This week I wasn’t sure whether to write about the Government’s 21 February 2023 response to its consultation on the proposed biodiversity gain regulations or about the Government’s 23 February 2023 action plan for reforms to the nationally significant infrastructure projects process.
But both of these documents, important as they are, are largely self-explanatory – and have been covered in various summaries which are out there. So I ditched those ideas.
Instead I will focus on another interesting recent case, involving one of my favourite buildings (a “megastructure” according to the judge): the Brunswick Centre, Camden.
Lazari Properties 2 Limited v Secretary of State (Lane J, 21 February 2023) is nothing to do with the architecture of the building, but rather the architecture of the planning system itself.
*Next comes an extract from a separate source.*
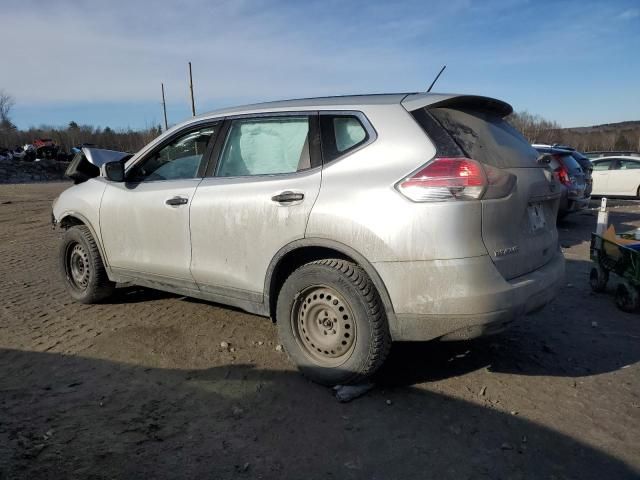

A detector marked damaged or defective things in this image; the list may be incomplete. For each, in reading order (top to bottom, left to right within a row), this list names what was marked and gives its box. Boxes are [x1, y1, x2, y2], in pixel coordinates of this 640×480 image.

damaged car in background [53, 93, 564, 386] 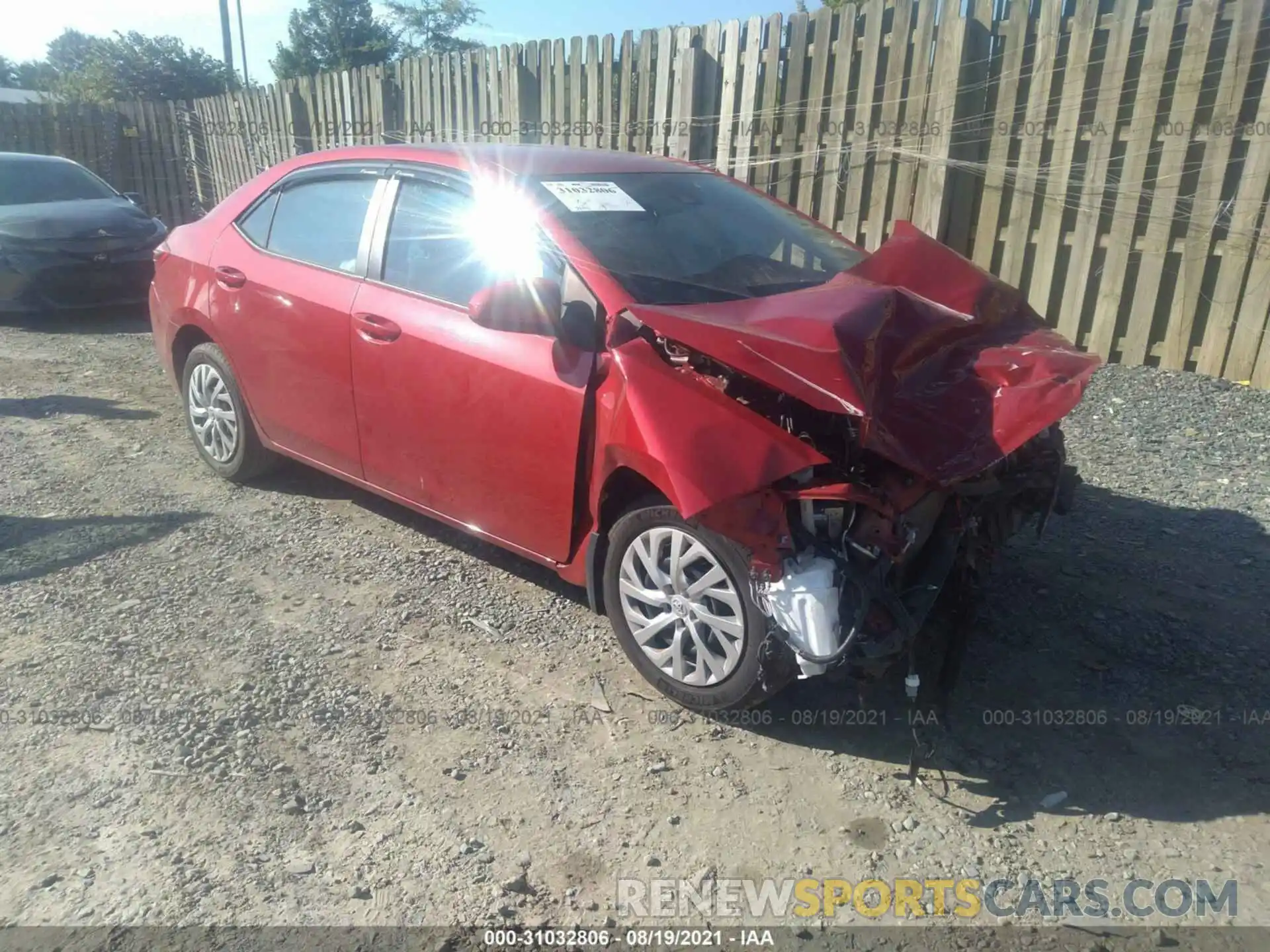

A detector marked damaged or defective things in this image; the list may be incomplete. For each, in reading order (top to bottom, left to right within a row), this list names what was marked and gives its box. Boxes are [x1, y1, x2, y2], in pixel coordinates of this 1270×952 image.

crumpled hood [624, 223, 1102, 485]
Whilst only a preliminary ruling by Lane J as to whether there were arguable grounds of challenge, some interesting practical issues arise as to:
⁃ the need for precision in framing lawful development certificate applications
⁃ the proper interpretation of conditions restricting uses by reference to superseded Use Classes Order descriptions.
The centre “contains 2 linked blocks of 560 flats above a shopping centre with rows of shops at raised ground level. The shops (which include a supermarket) are situated over a basement, which contains car parking, a service area and a cinema. Ramps and steps provide access to the central boulevard from several surrounding streets.”
Uses in the building are controlled in part by condition 3 of a planning permission in 2003 for the centre’s refurbishment:
“”Up to a maximum of 40 percent of the retail floorspace, equating to 3386m2 (excluding the supermarket and eye-catcher), is permitted to be used within Use Classes A2 and A3 of the Town and Country Planning (Use Classes) Order 1987, or in any provision equivalent to that Class in any statutory instrument revoking and re-enacting that Order.”
Old use classes A2 and A3 are now of course subsumed within the new use class E. So, given that retail uses also fall within class E, does that mean that this condition no longer has any effect such that the whole of the retail floorspace can now be used for any purposes falling within class E?
The owner submitted an application to the local planning application for a certificate of lawfulness of existing use or development (“CLEUD”), with a red line around the whole of the centre and with the proposal described as follows:
“Application to certify that the existing use of the Brunswick Shopping Centre within Class E and without compliance with Condition 3 of Planning Permission: PSX0104561 is lawful”.
Uh oh. I wrote about the perils and constraints of CLEUDs and CLOPUDs (certificates of lawfulness of proposed use or development) in my 12 June 2021 blog post I’m Sorry I Haven’t A CLEUD.
Quite aside from the legal question arising as to whether the references to classes A2 and A3 in the condition should now be read as references to class E, was the description of the existing use sufficiently precise?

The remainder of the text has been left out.